Now he’s on a mission to shape the future of American cycling. He has founded three racing teams: L39ION of Los Angeles, Miami Blazers and Austin Aviators. He’s also starting his own race series, the Circuit Racing International Tour (CRIT), with the help of Wasserman Ventures.
When I refer to Williams as the LeBron James of cycling, he corrects me. Instead, he says, he is “creating a platform that allows cycling to have a LeBron”. He compares himself to his father, CJ, a Belizean cycling champion who shares his passion for nurturing talent.
“I wanted to give the opportunity that I got to someone else who comes from an area that looks like or feels like where I come from,” he says.
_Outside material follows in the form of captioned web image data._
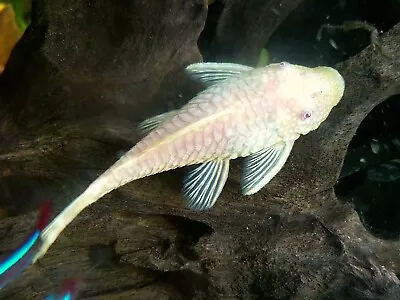 Albino Bristlenose Pleco 1” + - LIVE FRESHWATER TROPICAL FISH • $11.50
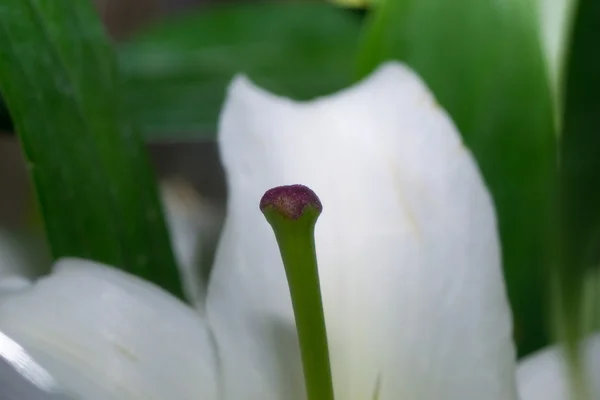 Çiçekler makro — Stok fotoğraf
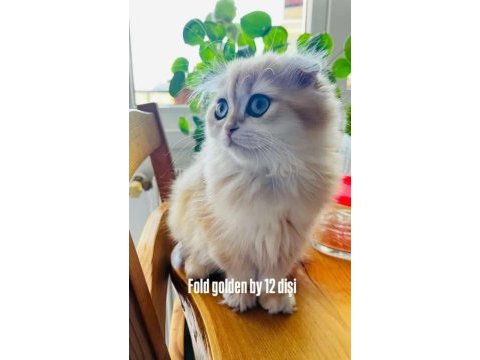 British golden ny12 longhair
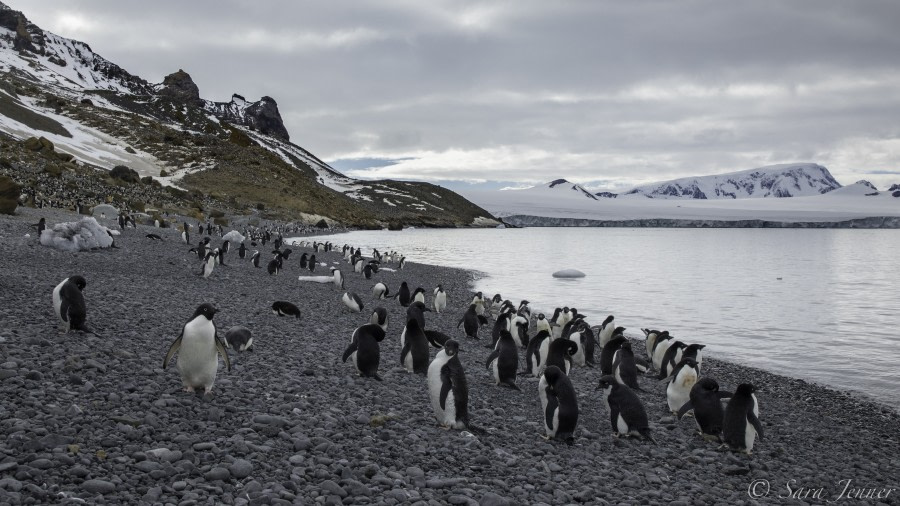 PLA24-19 Day 14 Brownbluff 2 - Oceanwide Expeditions.jpg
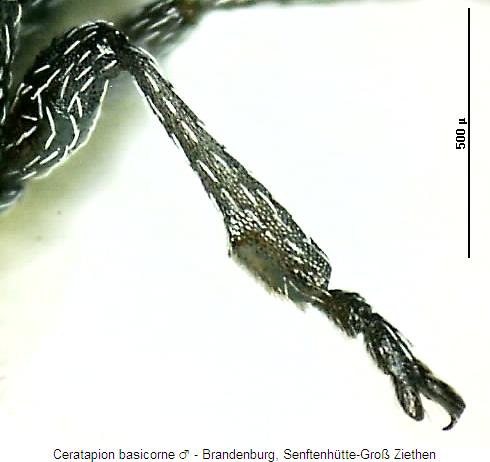 ceratapion_basicorne_vschn.jpg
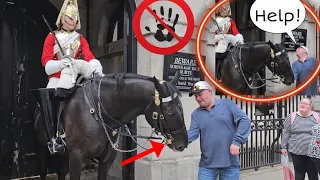 SHOCKING!😳 King's Horse Bites His Hand!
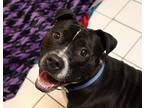 Buffy, American Staffordshire Terrier For Adoption In Forked River, New Jersey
During his 16-year career, Williams has seen American friends of all backgrounds and races go to Europe and hit a wall around the age of 21. They had the talent but not the support network.
Williams aims to change that with CRIT. With inclusivity and competition at its core, CRIT will place the best riders up against each other while also representing the different cultures that make up America. Williams and his team have been hosting chats in bike shops and cafes where they use their experience and knowledge to teach riders how to navigate the industry.
“For us being able to go out and be us, there’s just an immediate connection. Especially when there’s an absence in the space,” he says.
Williams hopes the CRIT series will lead people of color in cycling to gain control of their narrative.
“To me cycling is so important to get the community into because it opens up your mind and changes your perspective of what the world is and how it functions,” Williams says.
The CRIT will debut later this year and, by Williams’s telling, it will resemble a cycling version of the spectacular chariot races of the ancient Olympic Games. Races will be held in famous venues such as Fenway Park, and will consist of 20 teams of six cyclists battling it out over around 60 laps of a one-mile circuit.
Williams says he revels in the pressure of being a cyclist turned CEO. “I live in it. It’s my favorite thing. That’s where I’m the best version of me,” he says.
He’s been raising industry standards since the day he started racing. Now he’s hoping to bring everyone along for the ride.